Brett Kavanaughs grobe Meinung zum Thema Racial Profiling allein bedeutet etwas Großes


Dieser Artikel wurde in Zusammenarbeit mit Balls and Strikes erneut veröffentlicht .
Anfang der Woche erließ der Oberste Gerichtshof eine einseitige Verfügung , die den Beamten der Bundeseinwanderungsbehörde grünes Licht für eklatantes Racial Profiling bei bewaffneten Razzien im Raum Los Angeles gibt. Ein untergeordnetes Gericht hatte der ICE vorübergehend verboten, Personen allein aufgrund von Faktoren wie „Sie sprechen Spanisch“ oder „Sie sind Tagelöhner, die morgens vor Home Depot warten“ festzunehmen. Indem sie diese Verfügung blockierten, nutzten die Mitglieder der konservativen Mehrheit des Gerichts erneut die Schattenliste, um ihrem Lieblingspräsidenten alles zu geben, was er fordert. Nur die drei Liberalen äußerten ihre abweichende Meinung.
„Wir sollten nicht in einem Land leben müssen, in dem die Regierung jeden verhaften kann, der wie ein Latino aussieht, Spanisch spricht und einem Niedriglohnjob nachgeht“, schrieb Richterin Sonia Sotomayor.
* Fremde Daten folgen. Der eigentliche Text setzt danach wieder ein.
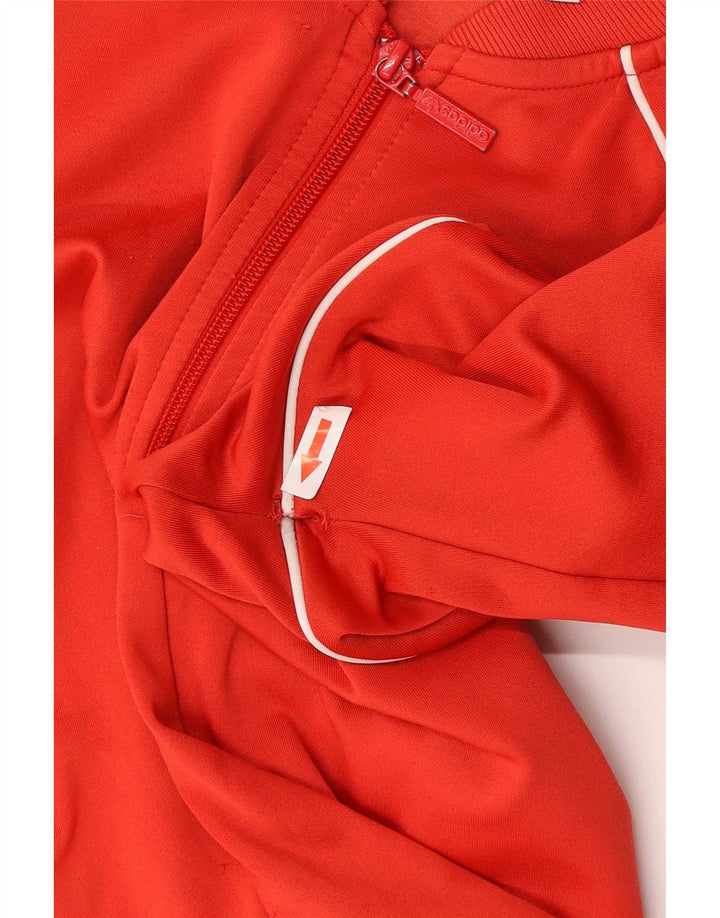 Adidas Damen Trainingsanzug Top Jacke UK 12 Mittelrote Baumwolle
Sie beschrieb die „Demütigungen“ eines Urteils, das Latinos faktisch dazu verpflichtet, genügend Dokumente mit sich zu führen, um Fragen zur Zufriedenheit maskierter Schläger beantworten zu können, die nicht aufhören können, Menschen aus irgendeinem Grund oder auch ohne Grund übel zu prügeln. „Die Verfassung erlaubt die Schaffung eines solchen Bürgerstatus zweiter Klasse nicht“, sagte sie.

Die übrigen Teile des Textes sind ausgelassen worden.